İller Bankası'nın artık imkanları ve kapasitesi itibariyle İl Özel İdareleri'ne ve belediyelere çok etkin
hizmet verme noktasında büyük mesafeler katettiğini vurgulayan Demir, artık her türlü altyapı, üstyapı ve tüm hazırlanmış projelere
destek verir konuma geldiğini belirtti.
Demir, kırsalda altyapı hizmetlerine tamamen hibe olarak kaynak sağladıklarını, özellikle Bursa'da sulama projelerine de bu imkanı sağladıklarını kaydederek, yine bu
bölgedeki 10 belediyeye de yüzde 50 hibe şeklinde altyapı için proje uygulamalarının şu anda devam ettiğini bildirdi.
Tapu Kadastro Bölge Müdürlüğü'nün yaptığı çalışmalar sayesinde,
kadastro çalışmalarının bu bölgede hemen hemen tamamlandığını anlatan Demir,
yenileme çalışmalarını da yaptıklarını belirtti.

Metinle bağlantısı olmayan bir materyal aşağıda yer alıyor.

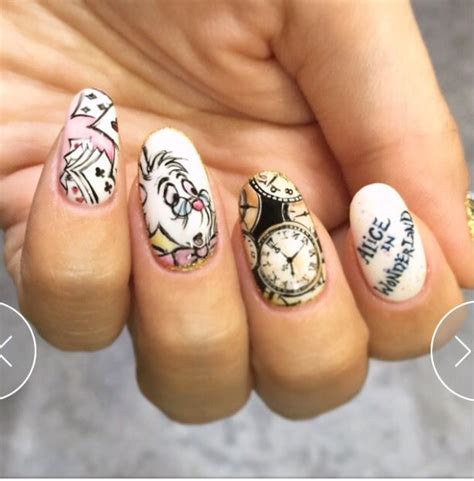 Pin By On Nails Disney Alice In Wonderland Nails Nails Nail Art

Demir, diğer bir hedeflerinin de tüm Tapu Sicil ve Kadastro Müdürlüklerimizi birinci
sınıf mekanlarda hizmet verir hale getirmek olduğunu ifade ederek, 2011 yılının sonuna kadar 81 vilayette ve tüm ilçelerde fiziksel mekanda sıkıntısı olan hiçbir birimlerinin kalmayacağını bildirdi.
''KAZALARDAKİ ANA NEDEN SÜRÜCÜ HATALARI''-
Bakan Demir, bir gazetecinin ''Son 2 ayda 300'ü aşkın kişi
trafik kazalarında hayatını kaybetti. Karayollarında
hız limitinin artırılması ve mevcut yollar bu hız limitlerini kaldırır mı?'' yönündeki bir soru üzerine, şunları kaydetti:
''Hız limiti ne kadar arttı? Elimizde bu hız limitine bağlı olduğunu gösterir bir
kayıt yok. Aslında bu hız limiti artmadan önce de dönem dönem yaz ve bahar aylarında trafik kazalarından ciddi artışlar oluyordu. Ama şunu söylemek lazım; hakikaten çok sayıda can kaybımız oluyor. Bir insan bir dünya demek.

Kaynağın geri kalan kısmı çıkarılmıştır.